I'm 6'3 and would give you my left bollock to be 16.5 stone!

I am struggling to hit 12 stone.

I think it may have something to do with my job which doesn't help, 12 hour shifts, month of days then a month of nights, nightshift kills my apetite, but I am DETERMINED to put on weight and going to reach my goal of 13.5 stone by the time i'm 26. i'm 24 now by the way. lets see how I go!

Stu, at 6'4 and 105kg I imagine you would look one intimidating motha!

any pics?

Dave.


----------



## samurai691436114498 (Jan 6, 2005)

*6' and 15 stone 1lb*


----------



## pookie69 (Apr 20, 2006)

BIGDAVE said:


> Stu, at 6'4 and 105kg I imagine you would look one intimidating motha!
> 
> any pics?


I'm 6'4" and 112kg atm 

>>> but IMO i don't look big, i kinda look slim which i hate, but others disagree

Maybe i have heavy bones? Is there such a thing as having heavy bones? How would you know if you did have heavy bones?


----------



## Magic Torch (May 30, 2005)

i'm 5'11" and 13 st 8lb, wanna hit 15st and i'll be happy, i stay very lean so at 15st i'll be ripped


----------



## 3752 (Jan 7, 2005)

it isnt easy for any body to gain muscle no matter the height i am 5'5" and 217lbs but it has taken me 18yrs to get here....

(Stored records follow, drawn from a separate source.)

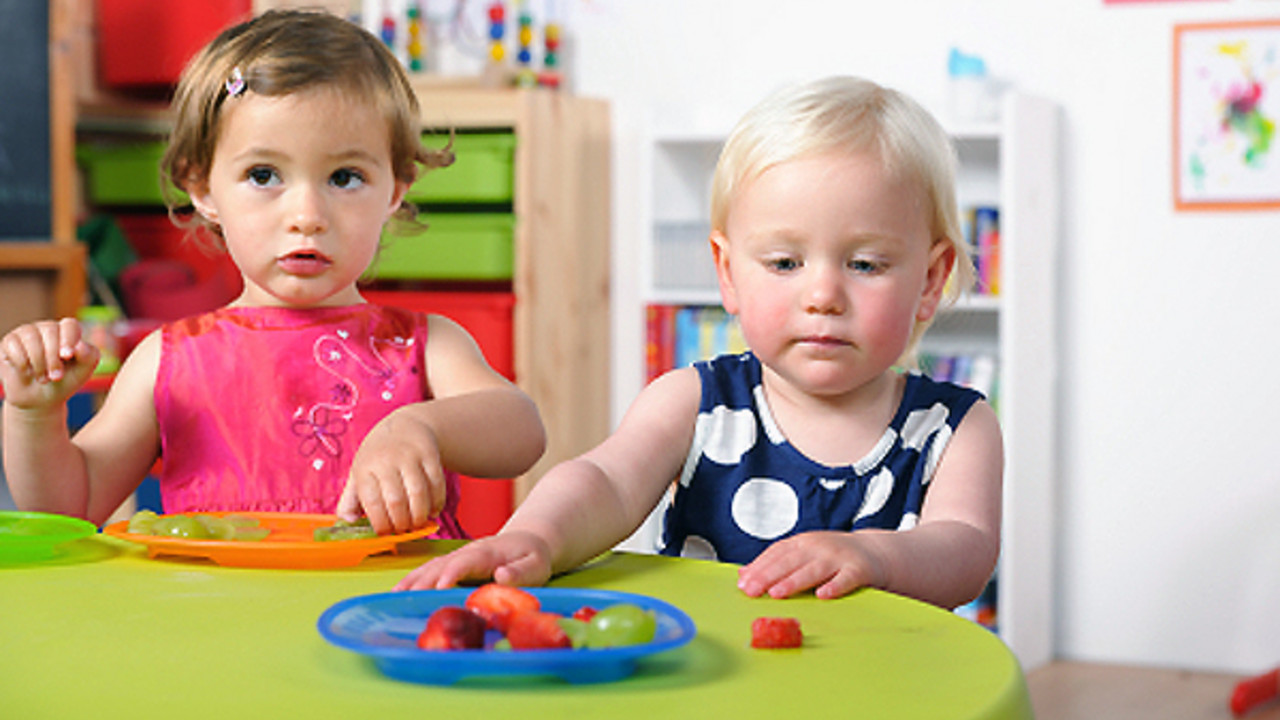 Zwei Kinder essen Obst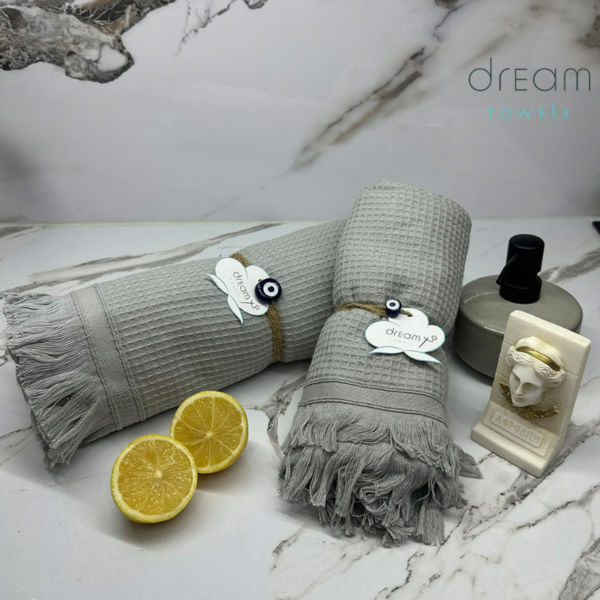 Njomeza Kazazi (Dream Towels L.L.C.)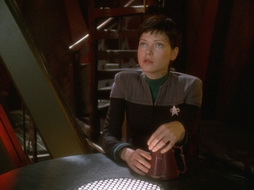 Star Trek Gallery - prodigal_daughter_445.jpg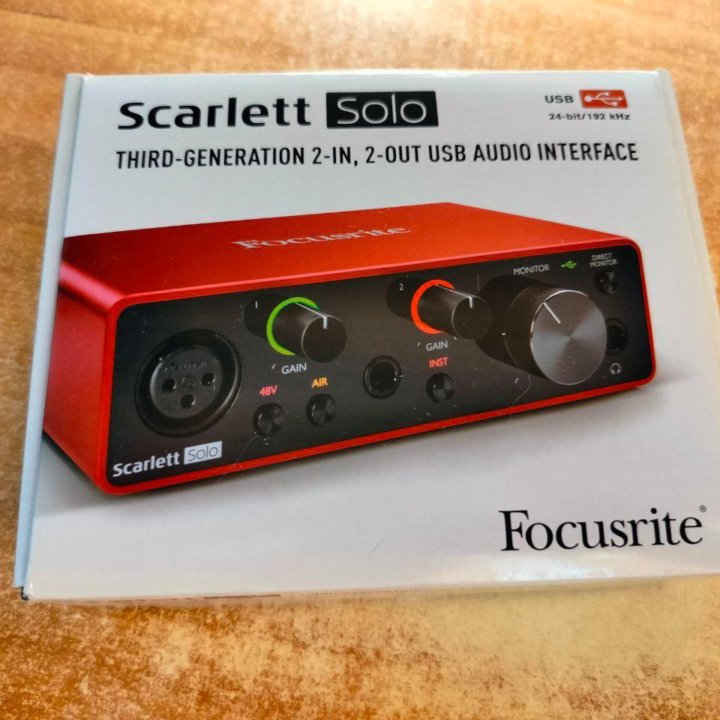 Аудиокарта Focusrite scarlett solo 3rd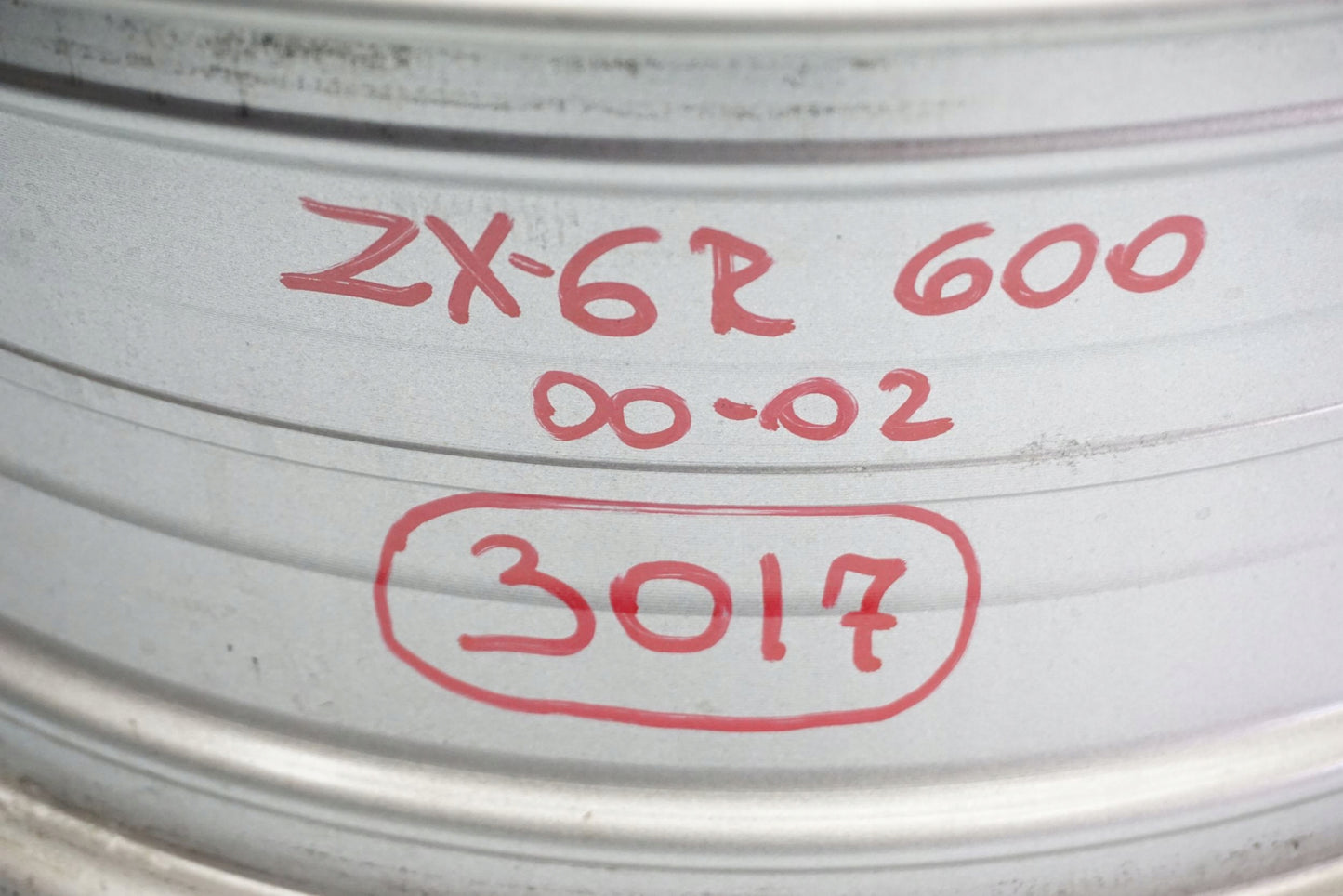 KAWASAKI ZX-6R 600 00-02 Felge hinten Wheel Hinterrad 6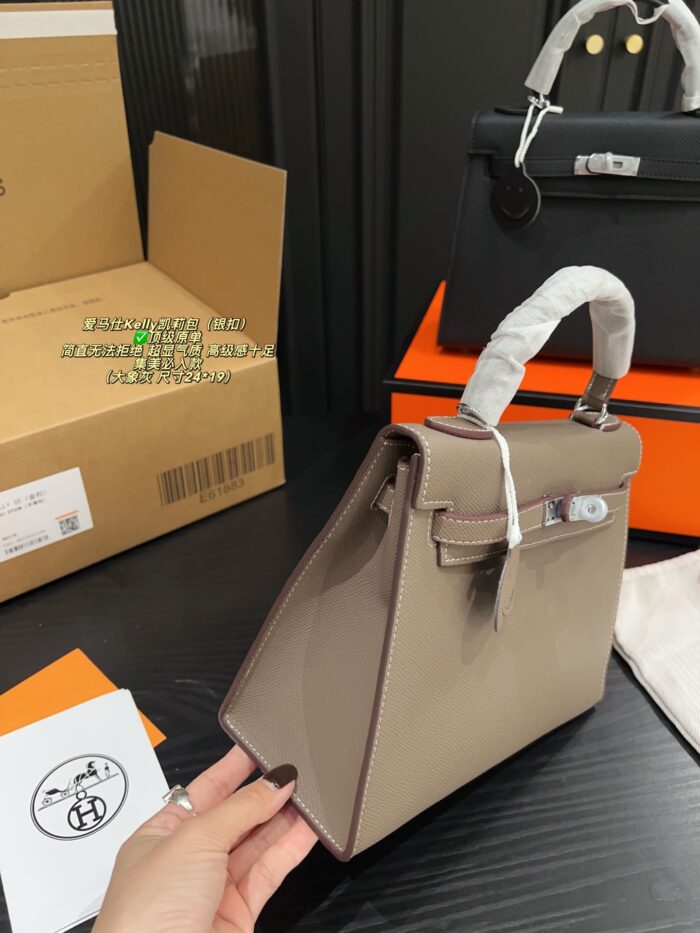 Hermès Kelly Bag (Silver Buckle) An Absolute Must-Have For Sophisticated Style - Image 4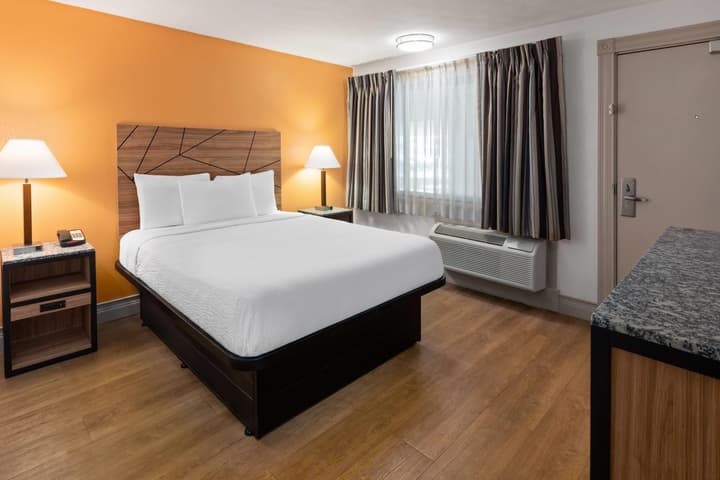 Howard Johnson by Wyndham Malden Boston Area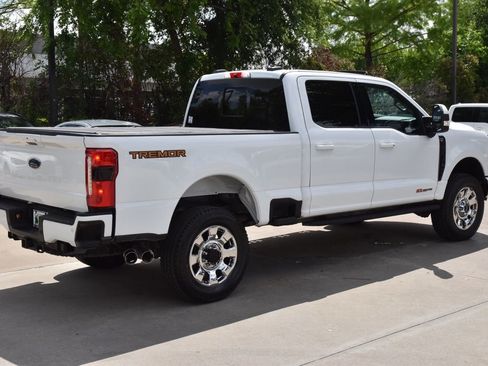 Used 2023 Ford F250 Lariat w/ Lariat Ultimate Package AWD/4WD image 5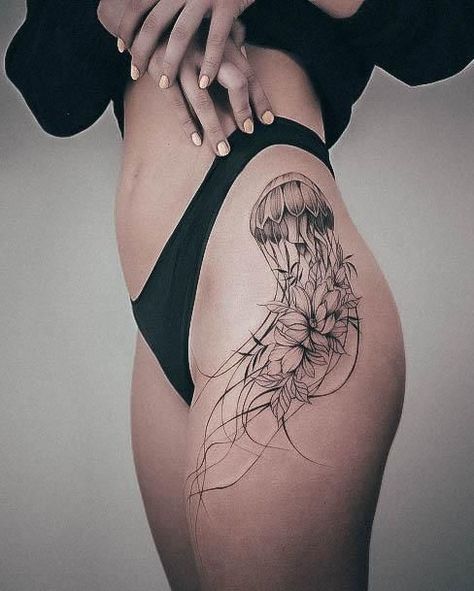 Jellyfish Tattoos For Women, Medusa Animal, Feminine Hand Tattoo, Thigh Tattoo Ideas, Side Hip Tattoos, Animal Tattoos For Women, Hand Tattoo Ideas, Side Thigh Tattoos, 16 Tattoo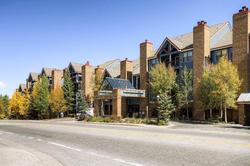 River Mountain Lodge 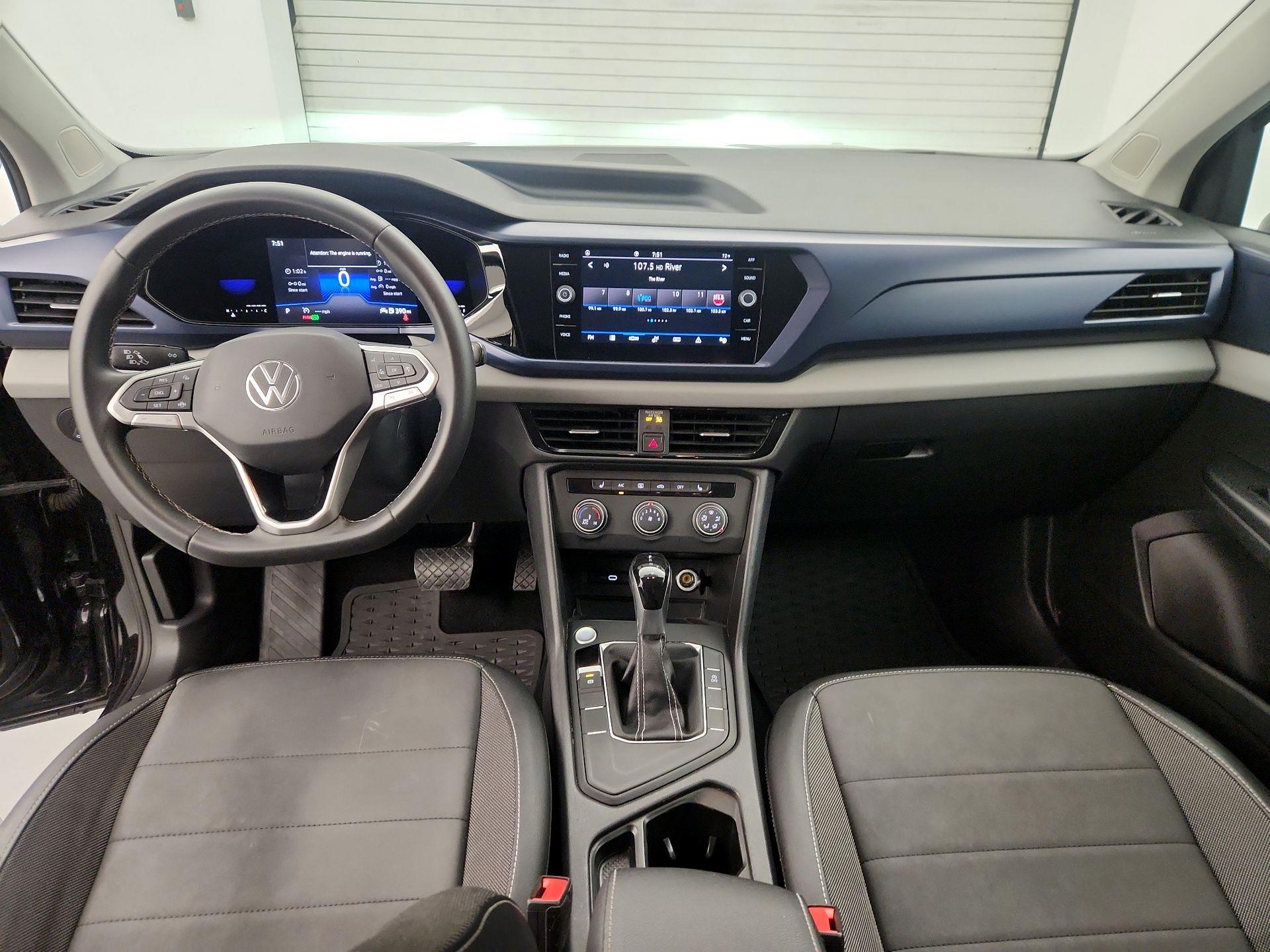 Thumbnail: 2022 Volkswagen Taos - 9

those who say they cannot gain weight are not eating enough calories simple as that...


----------



## Robsta (Oct 2, 2005)

I'm 5'4" and 224 lbs 14 % bf


----------



## Jay 69 (Mar 4, 2006)

i'm 6ft 6inches when i started out about 8-9mths ago i was a small 11stone i now weigh just over 13 but because of my height i still think i look slim everyone else says i'm big,but i wont be happy till i'm sitting at 18 stone many years from now. I do find it very hard to put on the weight when i was on my last cycle i was at 14 stone just over and thought i look really good but have lost that due to it being just water (gutted).I wish it was easier to eat.


----------



## 3752 (Jan 7, 2005)

if you cannot eat the extra calories drink them....


----------



## rayvonn (Nov 17, 2005)

Hi

I am 5ft9 and 91kg 14 1/2 stone looking to drop bodyfat and get to 16 stoneish(allowing myself 2 years for this), ive started to clean up my diet and quit drinking and im already leaning up from the pics I posted a couple of months ago.

The people of this board are great and have given me much advice and encouragement, this has helped me progress rather than learn from mistakes.

Listen to the experts follow thier advice and youll grow mate.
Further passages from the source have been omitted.